**WORK REQUEST:**
Copy each line below as written, but skip the pictures.

**RECORD SET:**
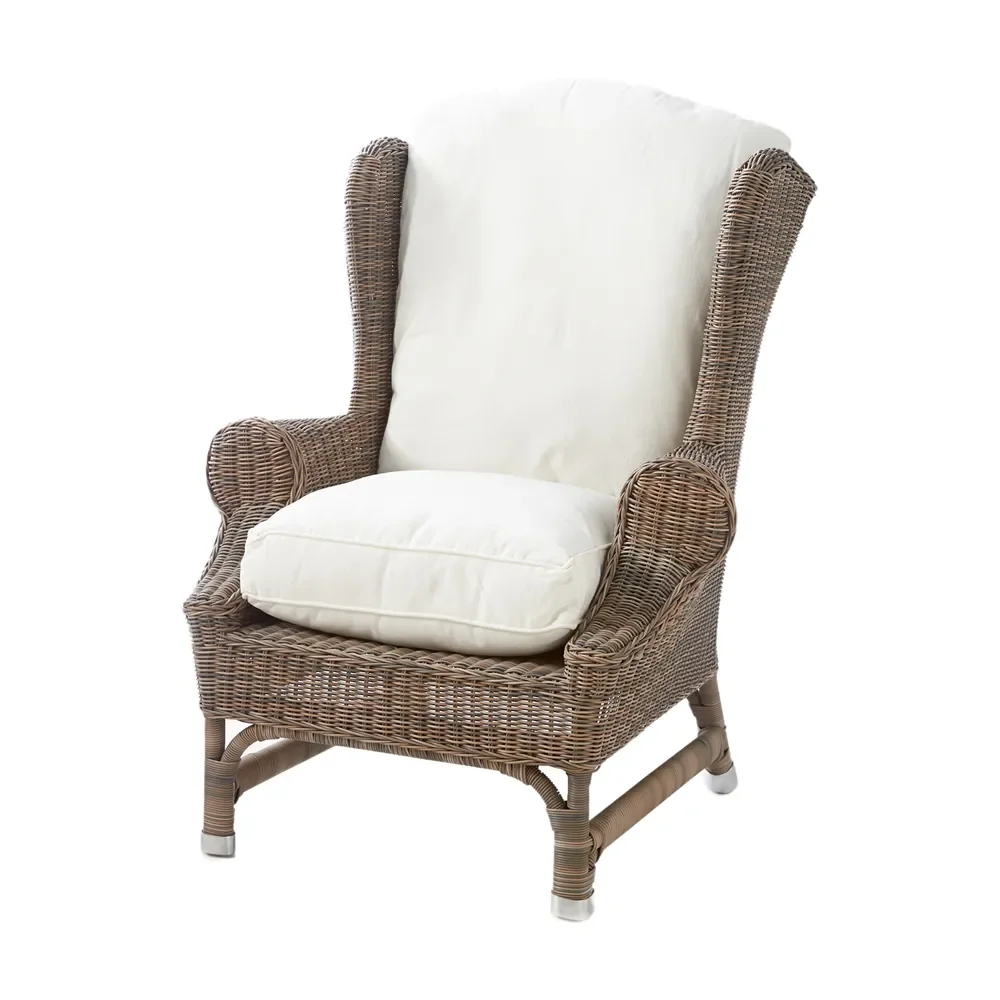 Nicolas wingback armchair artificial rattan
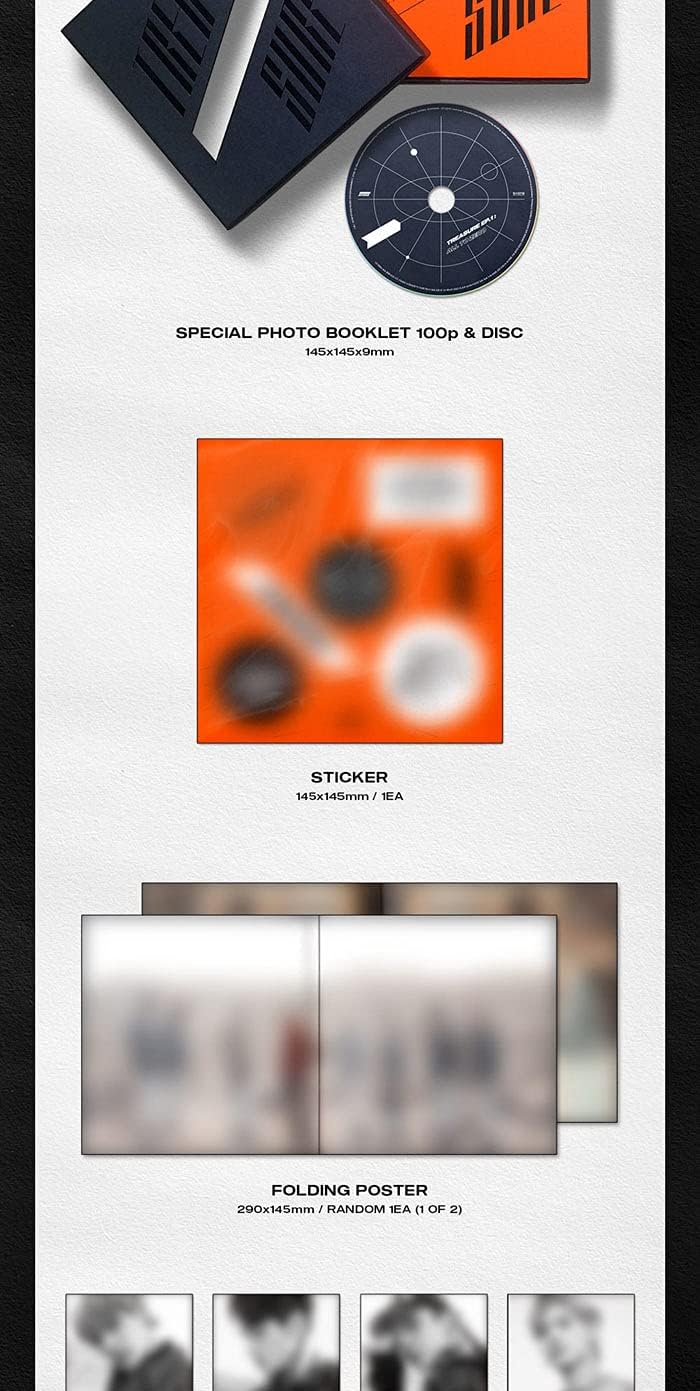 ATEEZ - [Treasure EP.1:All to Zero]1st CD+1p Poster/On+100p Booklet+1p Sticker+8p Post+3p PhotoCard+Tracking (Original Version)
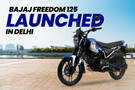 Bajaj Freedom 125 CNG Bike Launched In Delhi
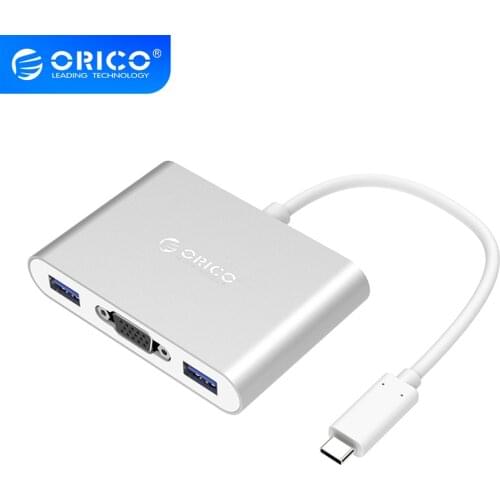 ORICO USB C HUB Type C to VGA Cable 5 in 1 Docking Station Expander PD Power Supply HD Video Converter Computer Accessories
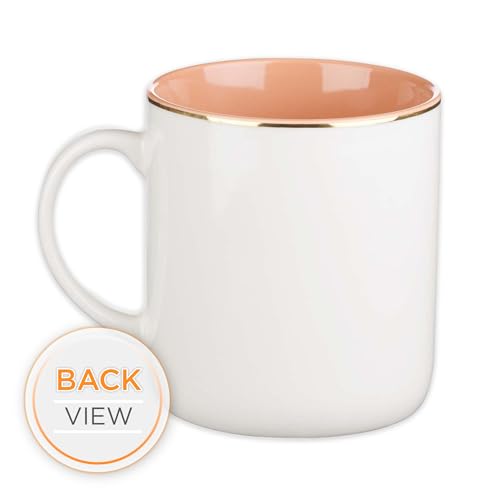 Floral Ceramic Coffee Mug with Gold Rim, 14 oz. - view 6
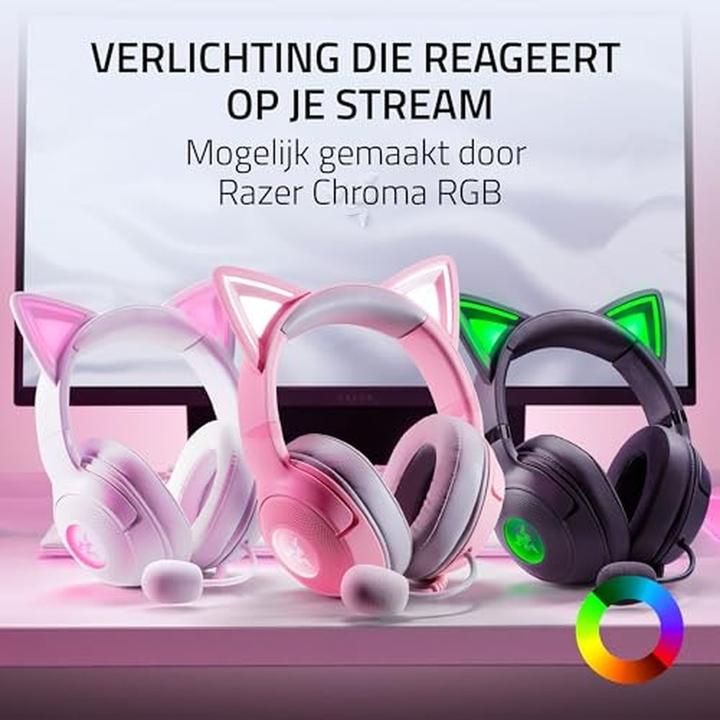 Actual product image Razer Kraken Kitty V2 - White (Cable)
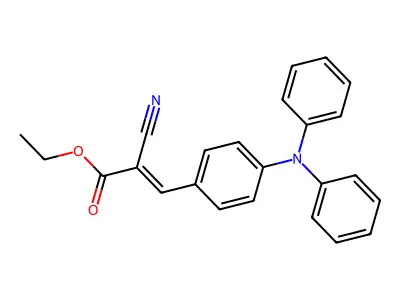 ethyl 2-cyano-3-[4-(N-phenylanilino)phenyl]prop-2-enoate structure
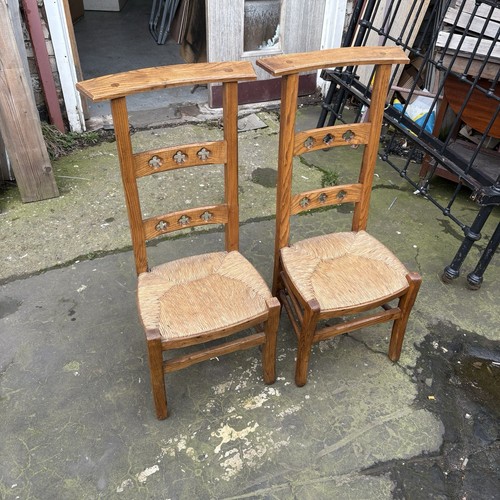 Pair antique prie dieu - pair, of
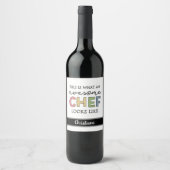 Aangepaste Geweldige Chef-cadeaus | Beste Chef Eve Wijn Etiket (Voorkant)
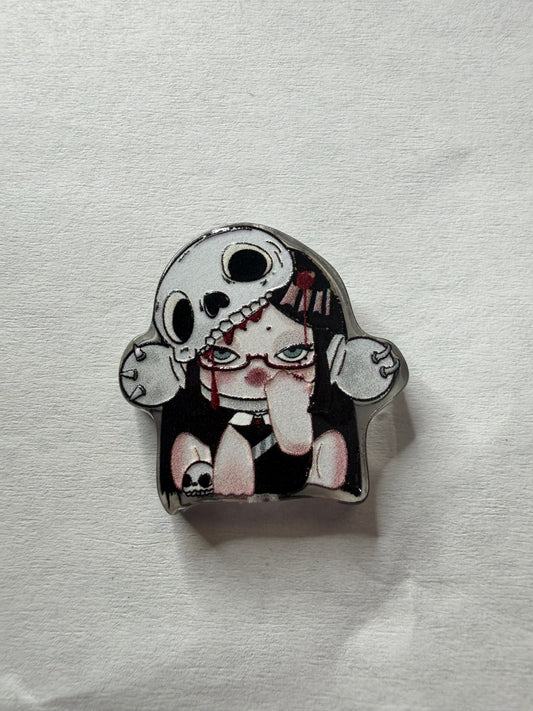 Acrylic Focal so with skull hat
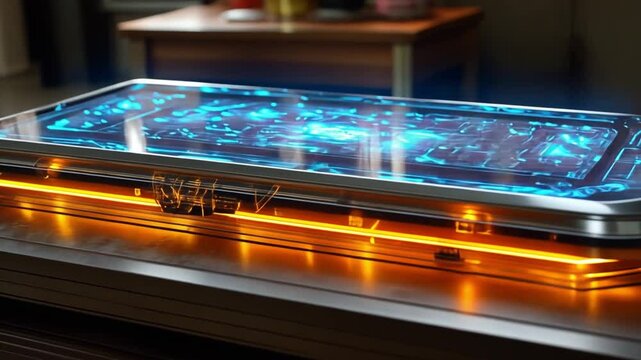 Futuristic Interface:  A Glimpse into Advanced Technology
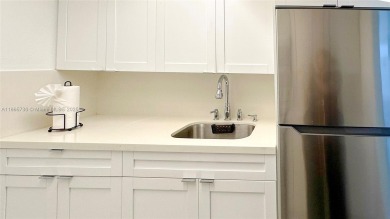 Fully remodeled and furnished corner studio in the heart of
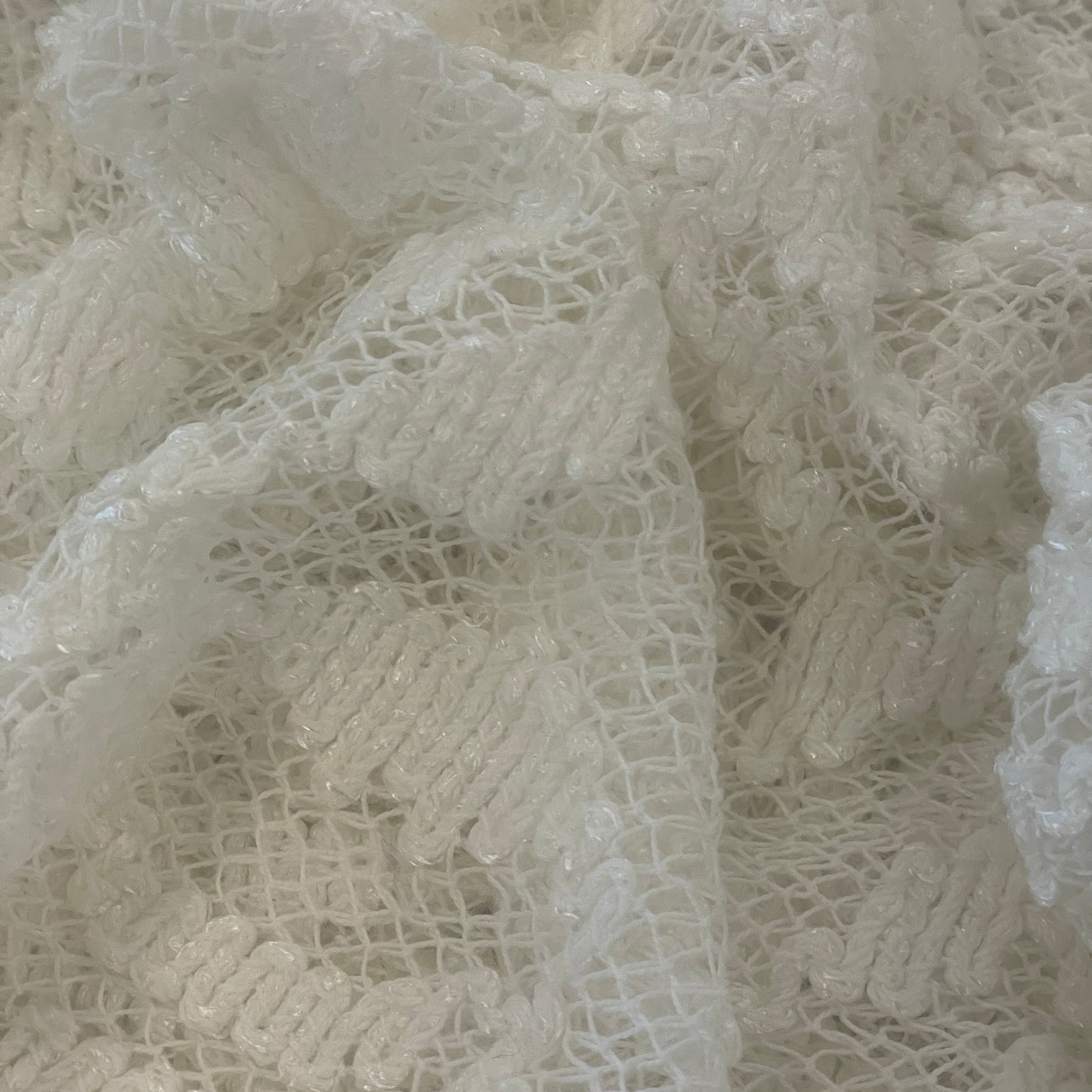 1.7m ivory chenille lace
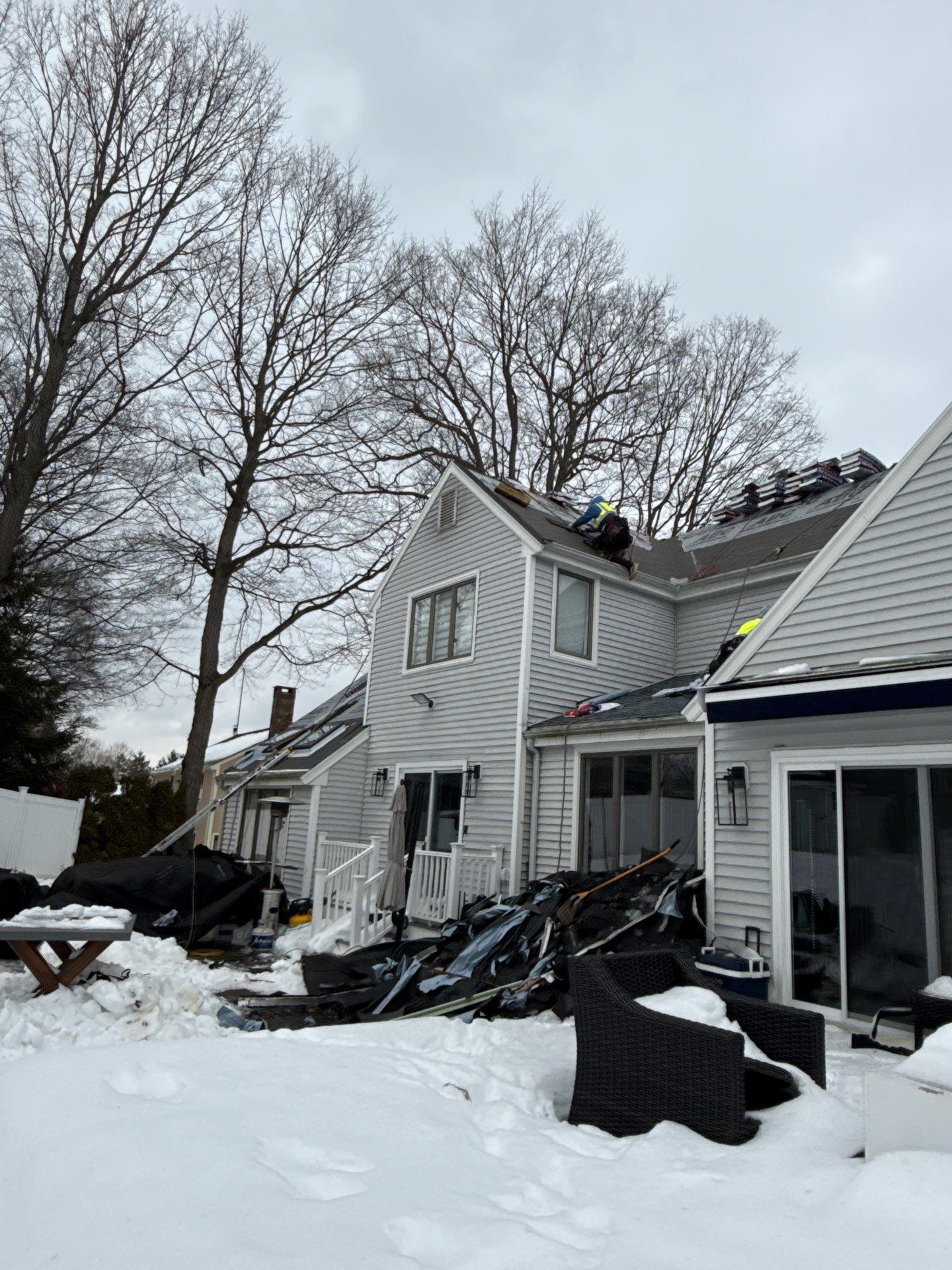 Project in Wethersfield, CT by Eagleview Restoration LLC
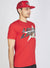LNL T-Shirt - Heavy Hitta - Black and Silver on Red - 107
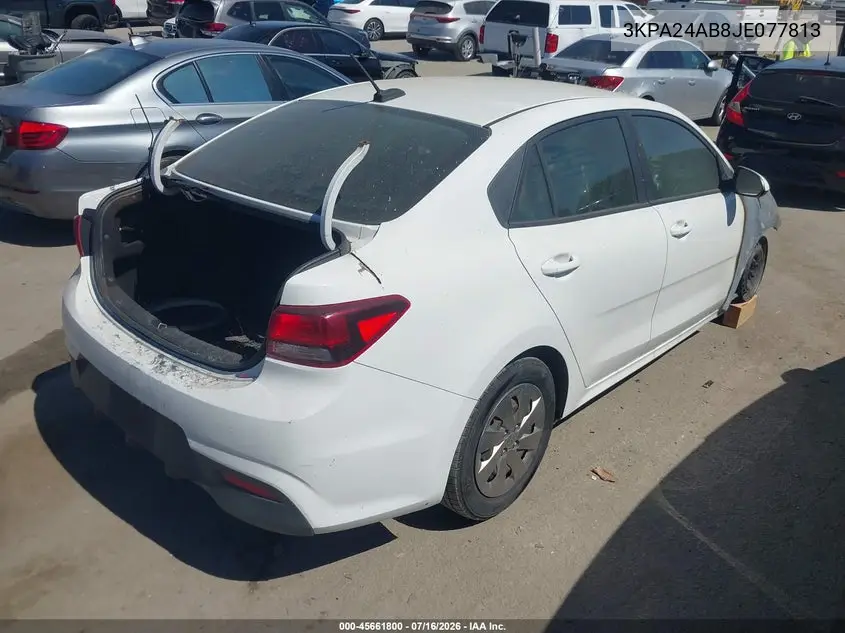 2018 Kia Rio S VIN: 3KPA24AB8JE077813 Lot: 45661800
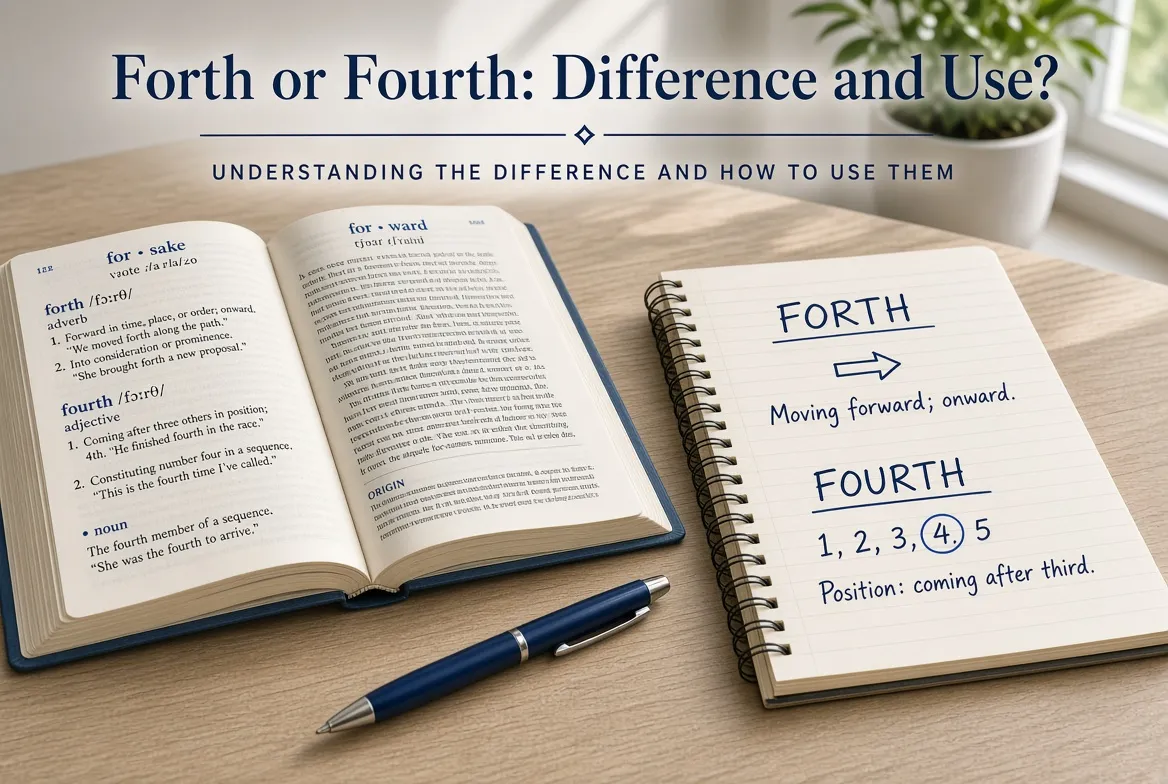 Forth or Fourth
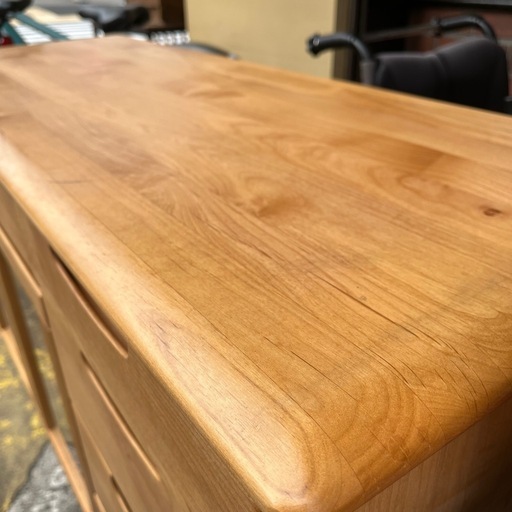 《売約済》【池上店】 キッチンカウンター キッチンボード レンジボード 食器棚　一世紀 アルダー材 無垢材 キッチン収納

**SOLUTION TO THIS EXERCISE:**
 Nicolas wingback armchair artificial rattan
 ATEEZ - [Treasure EP.1:All to Zero]1st CD+1p Poster/On+100p Booklet+1p Sticker+8p Post+3p PhotoCard+Tracking (Original Version)
 Bajaj Freedom 125 CNG Bike Launched In Delhi
 ORICO USB C HUB Type C to VGA Cable 5 in 1 Docking Station Expander PD Power Supply HD Video Converter Computer Accessories
 Floral Ceramic Coffee Mug with Gold Rim, 14 oz. - view 6
 Actual product image Razer Kraken Kitty V2 - White (Cable)
 ethyl 2-cyano-3-[4-(N-phenylanilino)phenyl]prop-2-enoate structure
 Pair antique prie dieu - pair, of
 Aangepaste Geweldige Chef-cadeaus | Beste Chef Eve Wijn Etiket (Voorkant)
 Acrylic Focal so with skull hat
 Futuristic Interface:  A Glimpse into Advanced Technology
 Fully remodeled and furnished corner studio in the heart of
 1.7m ivory chenille lace
 Project in Wethersfield, CT by Eagleview Restoration LLC
LNL T-Shirt - Heavy Hitta - Black and Silver on Red - 107
 2018 Kia Rio S VIN: 3KPA24AB8JE077813 Lot: 45661800
 Forth or Fourth
 《売約済》【池上店】 キッチンカウンター キッチンボード レンジボード 食器棚　一世紀 アルダー材 無垢材 キッチン収納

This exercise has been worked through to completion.